Anxious to preserve a lasting image of his good fortune, Cornelis Sandvoort, a prosperous Dutch merchant, employs a talented young artist, Jan van Loos, to paint his portrait. The work is carefully choreographed to represent domestic and worldly wellbeing: the wealthy burgher on display in his library, his modest wife seated at his side. Sunlight streams through the latticed window to illuminate a valuable collection of shells and fossils, while, on a richly draped table, the insignia of power are balanced by the emblems of morality: a globe to symbolise the merchant's worldwide ventures, scales to weigh his sins on the Day of Judgement, and a skull that recalls the frailty of human flesh.

Vanitas vanitatum, et omnia vanitas. At the age of 61, Cornelis has yet to learn the truth of Ecclesiastes's opening salvo: "Vanity of vanities, and all is vanity." And why should Cornelis worry? True, his beloved first wife and two small boys have died, depriving him of the stake in the future on which he had set his hopes. True, too, that these apparently senseless deaths have rocked his faith in God. But life has been kind to him in the material sense: he has a house stocked with valuable paintings on the prestigious Herengracht, and has latterly acquired a new young wife, the beautiful Sophia, whose soft skin and compliant body bring fresh life to his shrivelled flesh and blighted hopes. Blinded by complacency, Cornelis fails to read the message of his own portrait. It is a myopia that will prove disastrous, as with each caressing stroke of his brush, van Loos lures Sophia away from obedient wifehood. By the time the painting is finished, the marriage that it was intended to celebrate has been irrevocably shattered.

This is already an interesting enough scenario, but Moggach adds an additional lustre to her morality tale by setting it in the Amsterdam of the 1630s, at a time when tulipomania was at its height. In an economic climate in which one coveted bulb could represent the value of a working man's annual salary, or even the price of a rich man's home, the temptation to gamble for higher and higher stakes in the tulip market proved irresistible. Fortunes - and lives - were lost in the process. For the penniless Jan van Loos, trading in tulip futures offers a unique opportunity to finance his elopement with Sophia, and he is prepared to sacrifice anything - his art and, ironically, even sex itself - to acquire the rare specimen that can make or break his future.

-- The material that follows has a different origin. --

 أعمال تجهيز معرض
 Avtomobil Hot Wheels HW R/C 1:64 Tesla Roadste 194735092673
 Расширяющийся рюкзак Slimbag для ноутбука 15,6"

Tulip Fever is beautifully written, a verbal kaleidoscope that flicks rapidly through vivid sensuous experience: the brilliance of hyacinths in spring sunshine, the mysterious shadows of autumn mist, the aroma of wine or an almond cake, the touch and feel and taste of naked flesh. Character and atmosphere are painstakingly touched in through myriad tiny details: a housemaid's prophylactics against ill fortune, the rituals that accompany childbearing, an artist's tools of trade. The racy narrative is built up through a series of vignettes that recall Dutch paintings of the period, several of which are reproduced in the book: a young woman reading a letter, an inquisitive maid lingering at an open doorway, two women gossiping as they prepare food. These apparently transparent images provide a teasing commentary on the action, reinforcing the questions at the heart of the novel: not simply how far can we believe what we see, but equally important, how far is what we see dependent on our fantasy and desire? How far does art itself represent an act of self-delusion in which both artist and viewer collude?

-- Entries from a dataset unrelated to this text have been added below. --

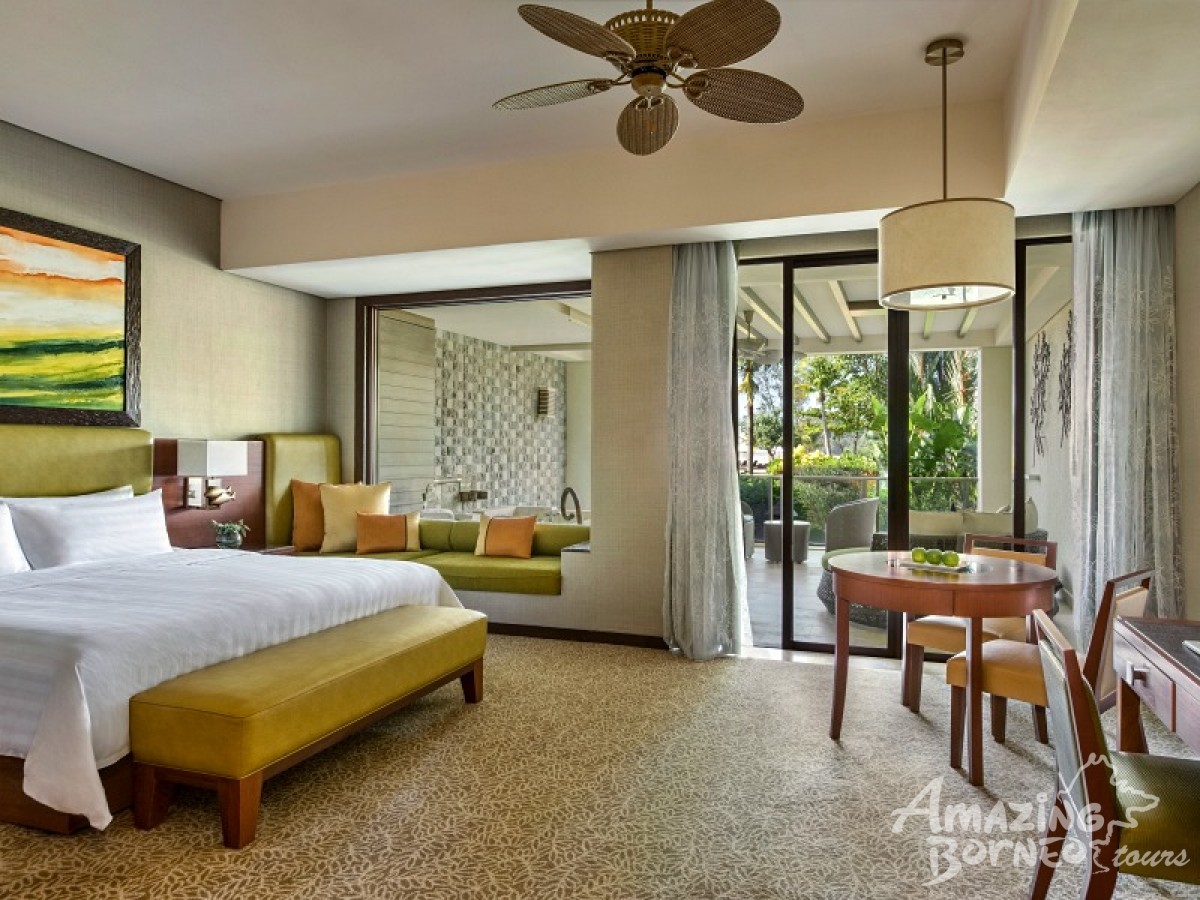 Shangri-La Rasa Ria Resort & Spa - Amazing Borneo Tours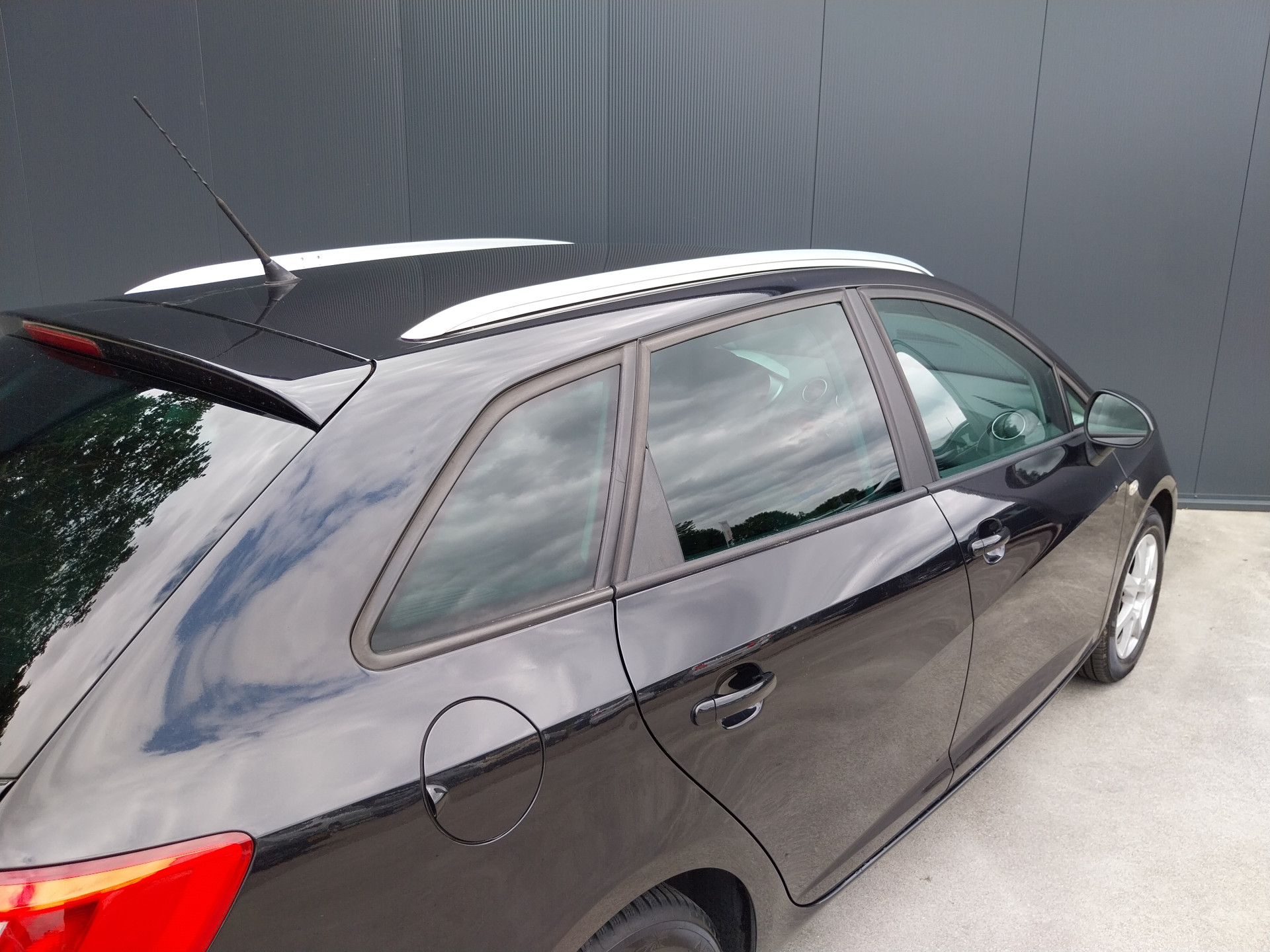 Foto van Seat Ibiza ST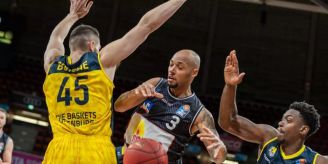 München - Playoffs beim BBL-Meisterturnier ohne Merlins Crailsheim München - Playoffs beim BBL-Meisterturnier ohne Merlins Crailsheim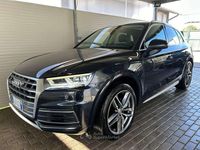 Usata Audi Q5 Design 136 CV (100 kW) 2018 Blu/azzurro SUV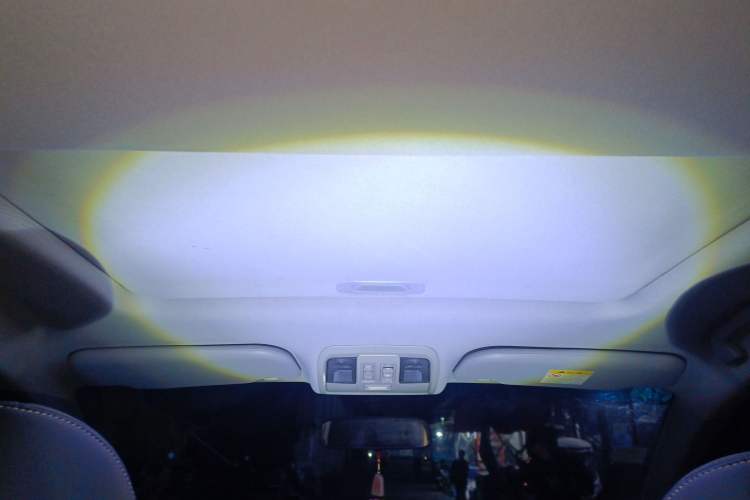 Used Luxgen U6 SUV 2014 1.8T ZhiZun Model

"Trust not to appearances", writes Jacob Cats in one of the 'Moral Emblems' that preface the chapters, but if this is Moggach's thesis, she explores it with a featherlight touch, keeping the tension at fever-pitch until the final hilarious - and entirely unexpected - climax. It involves a donkey, some herring, and a tall tale of magic transformation. Vanitas vanitatum, but what fun can be had along the way.